Generous Swedes Rethink Their Foreign Aid
STOCKHOLM — For decades, the Swedes have tried to share the fruits of their affluent, smooth-running society by maintaining a generous foreign-aid program. Sending money to poorer countries is something of a national pastime among the wealthy states of Scandinavia.
There have been some rewards. When Nelson Mandela took his first trip abroad in 1990 after his release from prison, he came to Sweden - a recognition of the support he and his compatriots long had received from Swedish organizations in the fight against apartheid.
But in recent years, Sweden's foreign-aid programs have been subject to criticisms and cutbacks. The debate here is different from the criticism of foreign aid that takes place in the United States: It isn't so much the expense that rankles - although government cutbacks since the early 1990s have been motivated by a budget crunch. It's the apparent lack of impact.
"When we look to see what has been achieved, we literally find nothing," argues Goran Lemmarker, an opposition member of parliament, about Sweden's longstanding efforts to promote development in the African country of Tanzania.
"I object very much," responds Barbro Johansson, a Church of Sweden missionary who took Tanzanian nationality in 1961 and later served as the country's ambassador to the Nordic countries. Ms. Johansson cites gains in education and the participation of women in Tanzanian society that she says were made possible through Swedish aid. Tanzanians, she says, also "saw that someone really cared."

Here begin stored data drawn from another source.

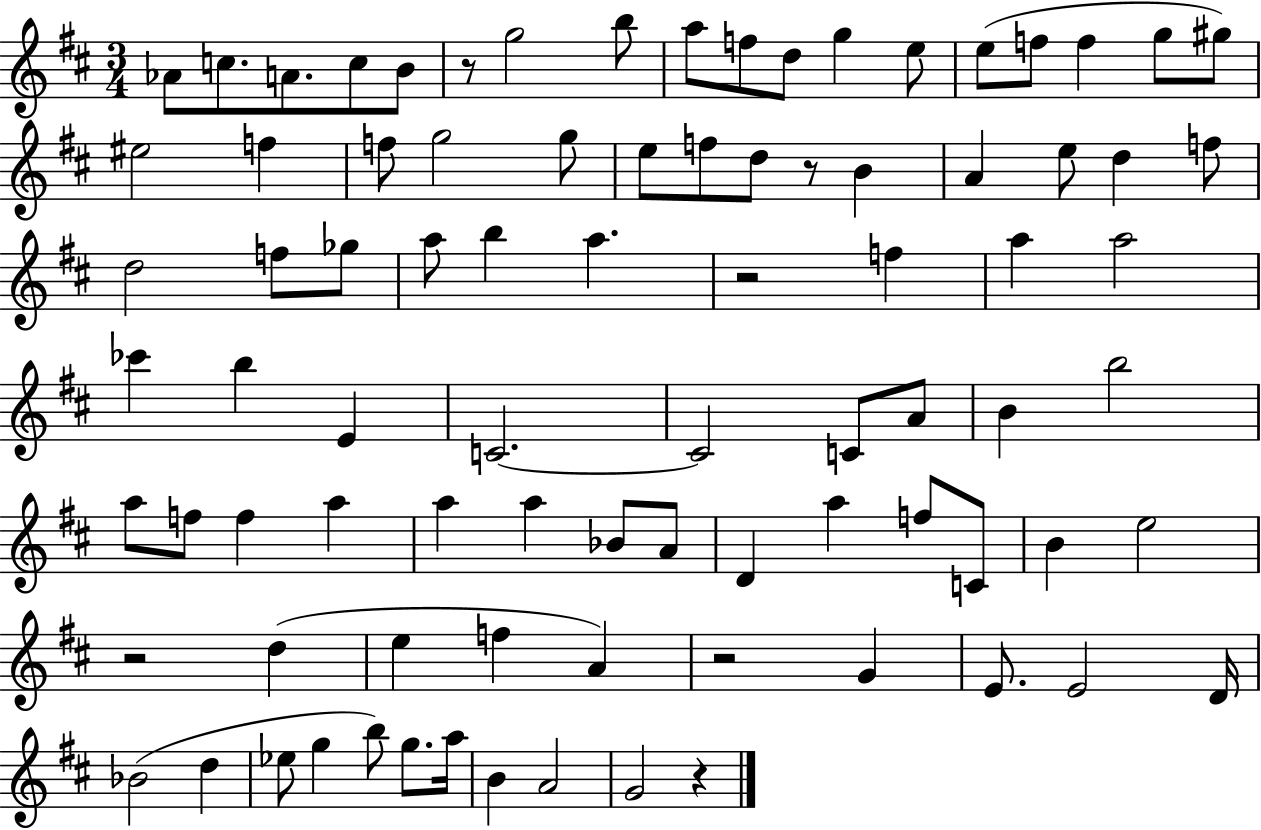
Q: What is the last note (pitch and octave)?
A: G4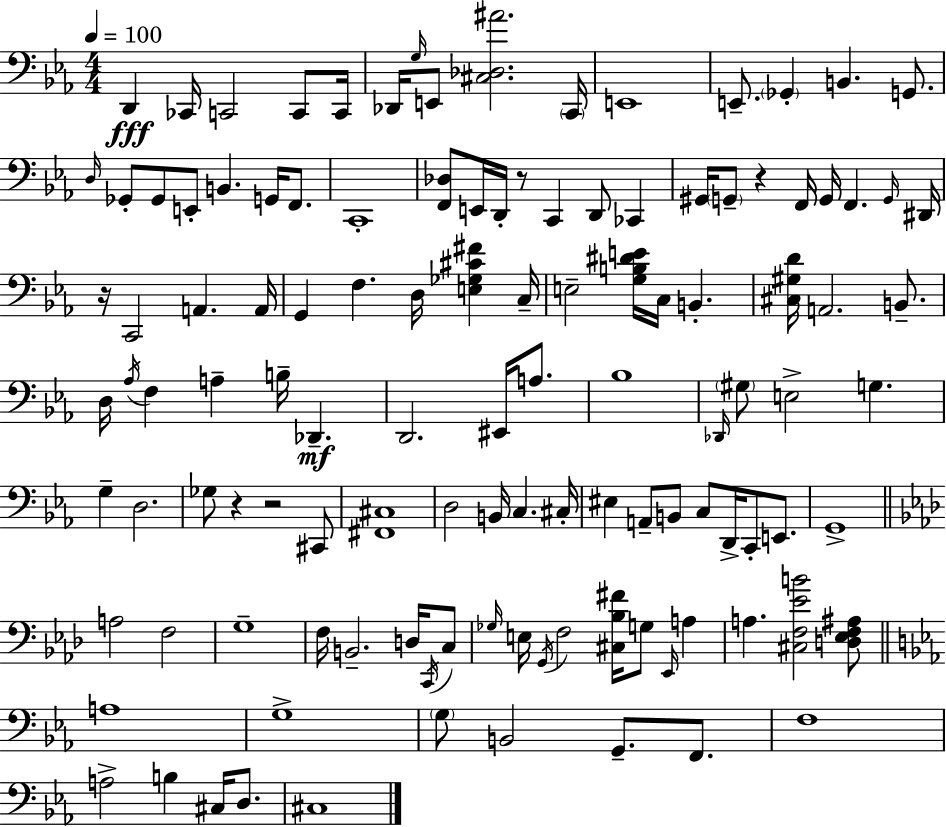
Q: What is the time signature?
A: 4/4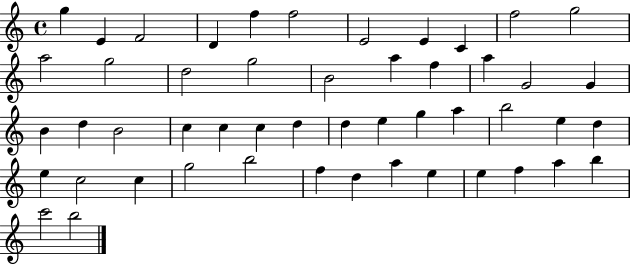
{
  \clef treble
  \time 4/4
  \defaultTimeSignature
  \key c \major
  g''4 e'4 f'2 | d'4 f''4 f''2 | e'2 e'4 c'4 | f''2 g''2 | \break a''2 g''2 | d''2 g''2 | b'2 a''4 f''4 | a''4 g'2 g'4 | \break b'4 d''4 b'2 | c''4 c''4 c''4 d''4 | d''4 e''4 g''4 a''4 | b''2 e''4 d''4 | \break e''4 c''2 c''4 | g''2 b''2 | f''4 d''4 a''4 e''4 | e''4 f''4 a''4 b''4 | \break c'''2 b''2 | \bar "|."
}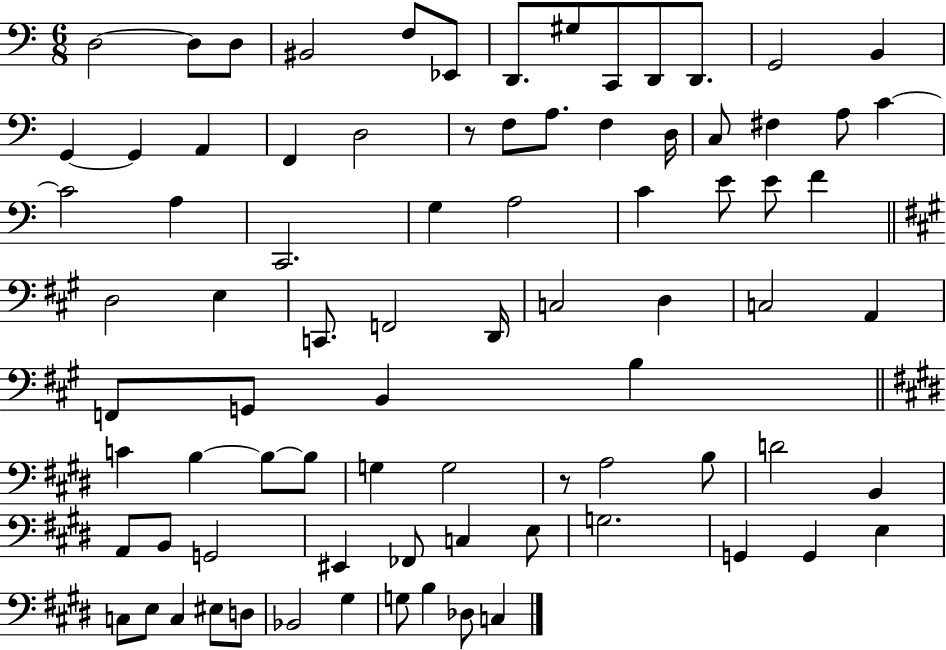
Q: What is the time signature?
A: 6/8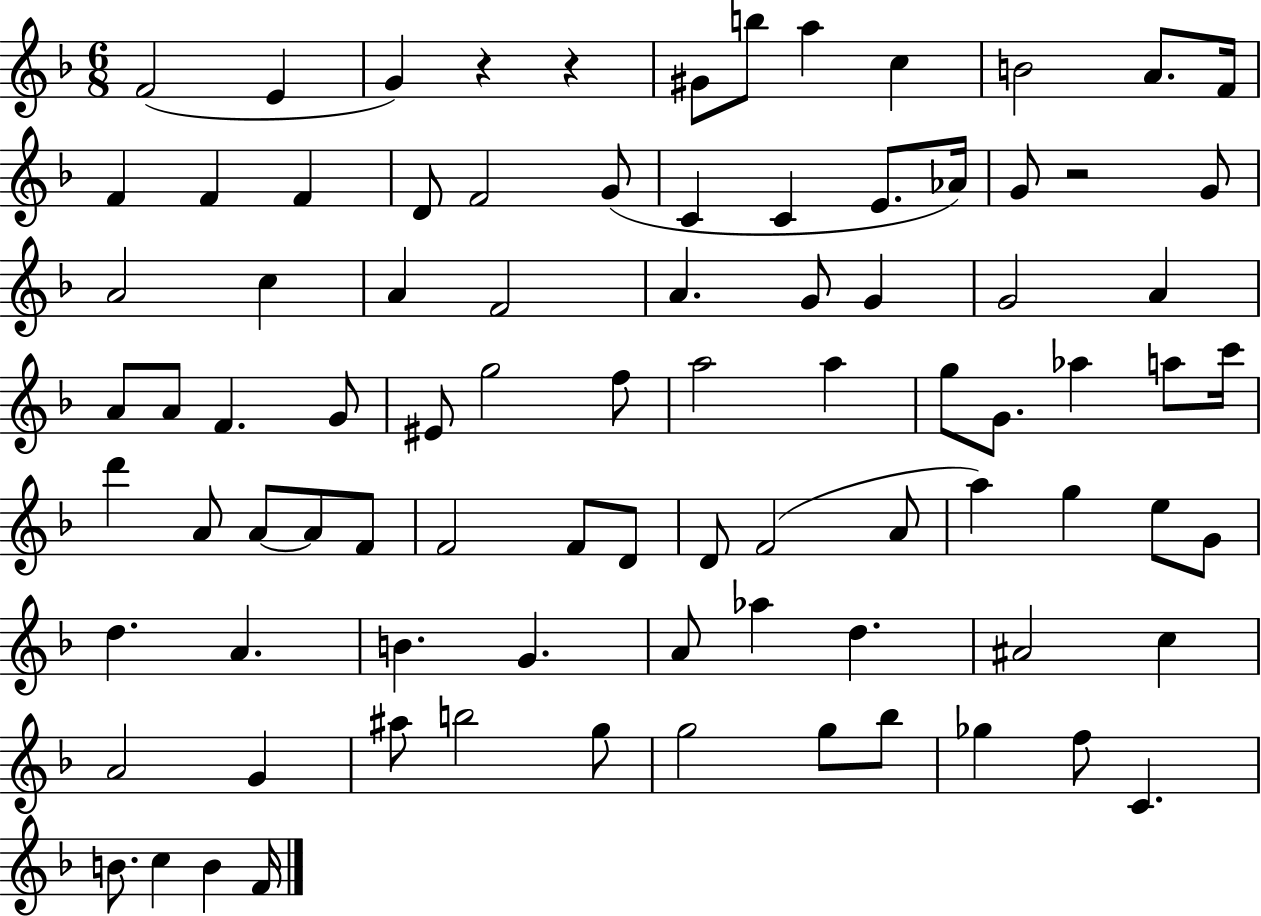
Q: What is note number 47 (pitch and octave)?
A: A4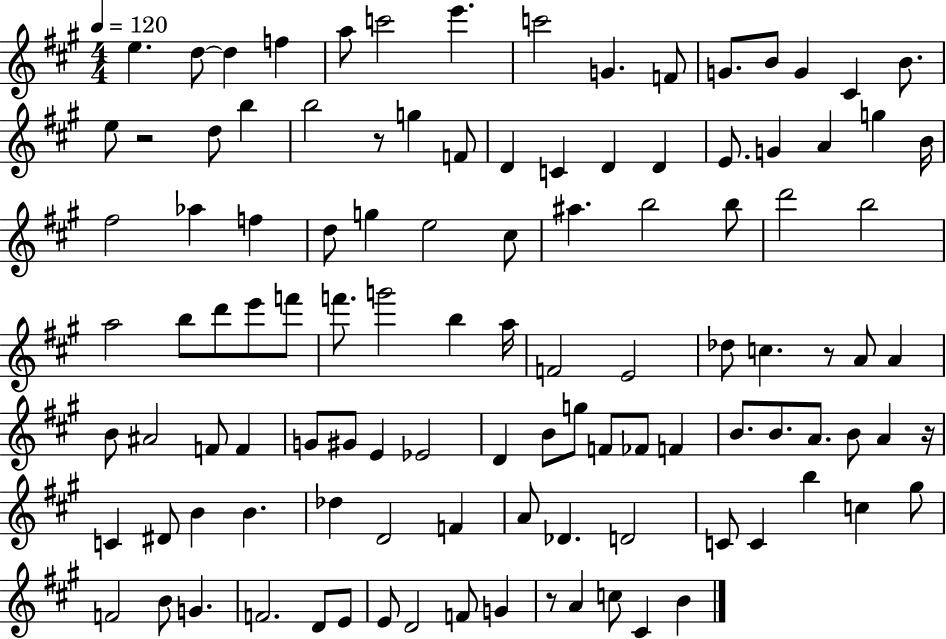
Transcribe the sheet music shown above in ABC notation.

X:1
T:Untitled
M:4/4
L:1/4
K:A
e d/2 d f a/2 c'2 e' c'2 G F/2 G/2 B/2 G ^C B/2 e/2 z2 d/2 b b2 z/2 g F/2 D C D D E/2 G A g B/4 ^f2 _a f d/2 g e2 ^c/2 ^a b2 b/2 d'2 b2 a2 b/2 d'/2 e'/2 f'/2 f'/2 g'2 b a/4 F2 E2 _d/2 c z/2 A/2 A B/2 ^A2 F/2 F G/2 ^G/2 E _E2 D B/2 g/2 F/2 _F/2 F B/2 B/2 A/2 B/2 A z/4 C ^D/2 B B _d D2 F A/2 _D D2 C/2 C b c ^g/2 F2 B/2 G F2 D/2 E/2 E/2 D2 F/2 G z/2 A c/2 ^C B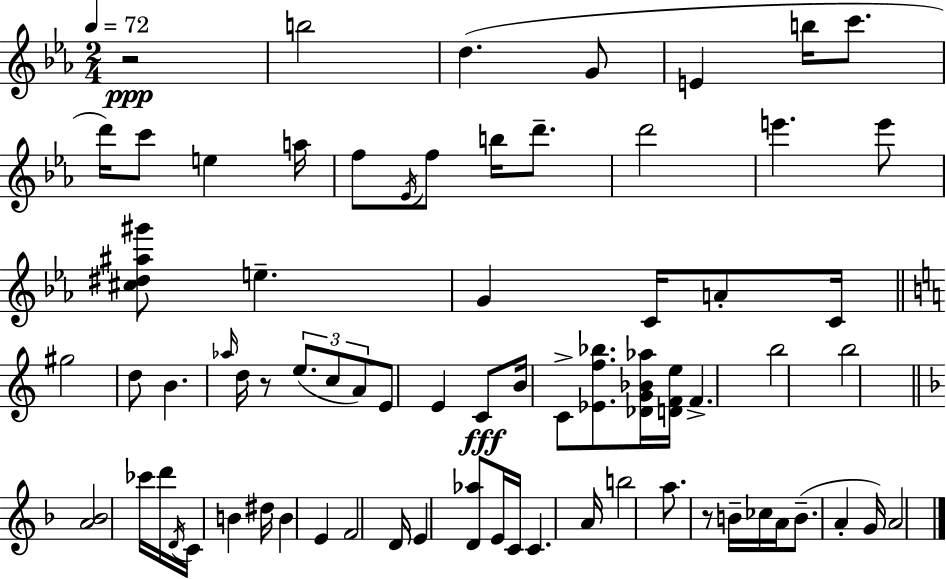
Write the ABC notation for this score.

X:1
T:Untitled
M:2/4
L:1/4
K:Eb
z2 b2 d G/2 E b/4 c'/2 d'/4 c'/2 e a/4 f/2 _E/4 f/2 b/4 d'/2 d'2 e' e'/2 [^c^d^a^g']/2 e G C/4 A/2 C/4 ^g2 d/2 B _a/4 d/4 z/2 e/2 c/2 A/2 E/2 E C/2 B/4 C/2 [_Ef_b]/2 [_DG_B_a]/4 [DFe]/4 F b2 b2 [A_B]2 _c'/4 d'/4 D/4 C/4 B ^d/4 B E F2 D/4 E [D_a]/2 E/4 C/4 C A/4 b2 a/2 z/2 B/4 _c/4 A/4 B/2 A G/4 A2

Along with India, Mozambique, South Africa, and Vietnam, Tanzania is among the countries that have received the most Swedish aid.
Nonetheless, Mr. Lemmarker's sentiments are a good illustration of the Swedish debate, in which people worry more about effect - or the lack of it - than cost. He says he would be happy to see Sweden's aid budget return to the high levels it reached in the 1980s, an amount equivalent to nearly 1 percent of Sweden's gross national product, as long as positive results were evident. Cutbacks have brought the figure down to 0.7 percent of GNP.
And Lemmarker is complimentary about the efforts of Swedish charitable groups abroad, some of whom receive major funding from the government. "That is entirely another story," he says.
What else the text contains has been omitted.